🤖 AI Summary
This work addresses the lack of theoretical justification for heuristic practices such as batch centering and knowledge distillation in existing self-supervised clustering methods. By formulating self-supervised learning as a constrained KL divergence minimization problem, the proposed framework introduces an optimized teacher distribution to mitigate mode collapse and incorporates an inverse clustering prior to enforce feature normalization. For the first time, it establishes an information-theoretic foundation for batch centering and knowledge distillation, revealing their intrinsic connection to Jensen’s inequality. This principled perspective not only elucidates the empirical effectiveness of current approaches but also provides a theoretically grounded and verifiable basis for the design of future self-supervised clustering algorithms.
📝 Abstract
Self-supervised learning (SSL) is recognized as an essential tool for building foundation models for Artificial Intelligence applications. The advances in SSL have been made thanks to vigorous arguments about the principles of SSL and through extensive empirical research. The aim of this paper is to contribute to the development of the underpinning theory of SSL, focusing on the deep clustering approach. By analogy to supervised learning, we formulate SSL as K-L divergence optimization.
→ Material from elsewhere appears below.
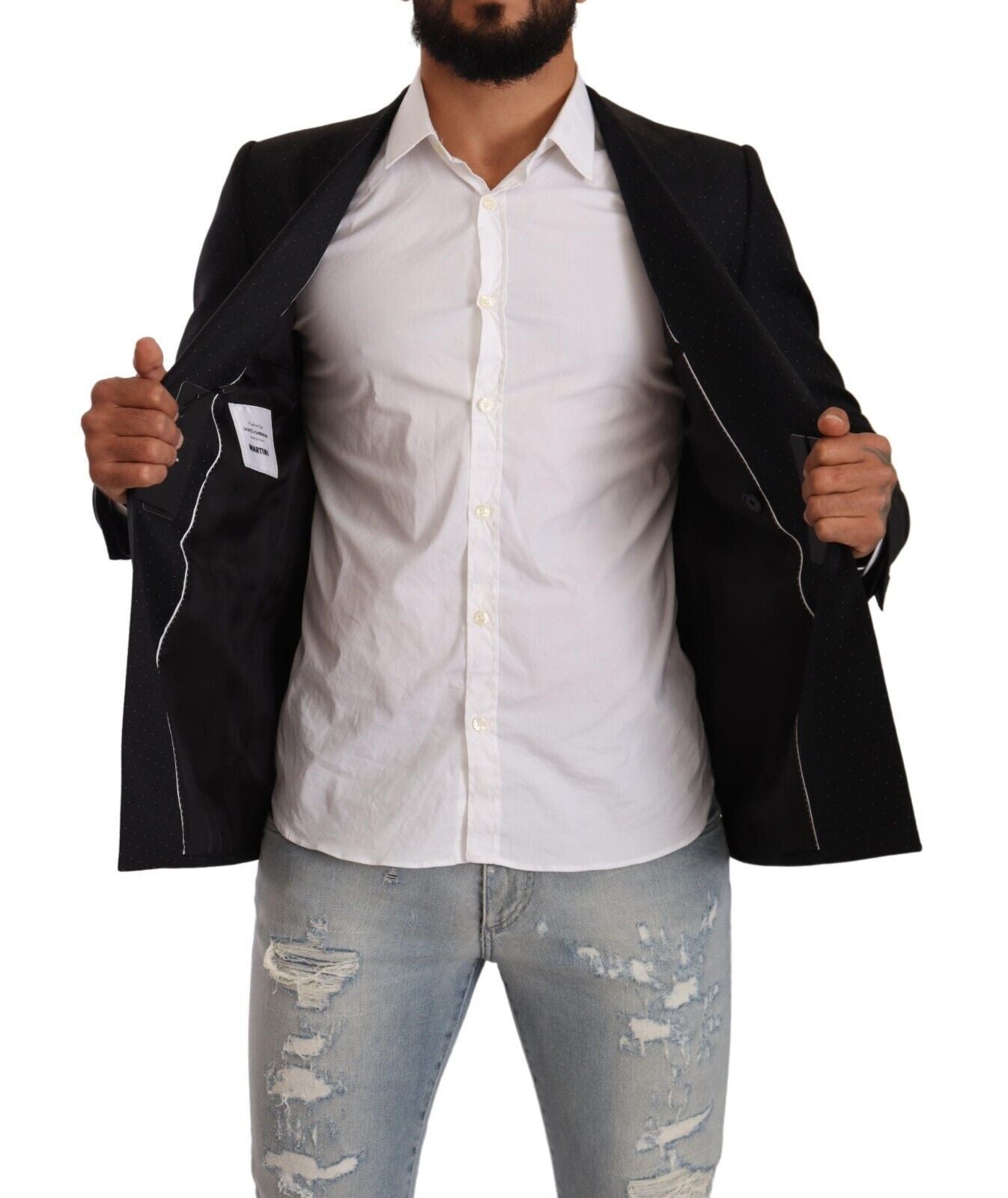 Eleganter schwarzer gepunkteter formeller Blazer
The mode collapse is prevented by imposing an optimisation constraint on the teacher distribution. This leads to normalization using inverse cluster priors. We show that using Jensen inequality this normalization simplifies to the popular batch centering procedure. Distillation and centering are common {heuristics-based} practices in SSL, {but our work underpins them theoretically.} The theoretical model developed not only supports specific existing successful SSL methods, but also suggests directions for future investigations.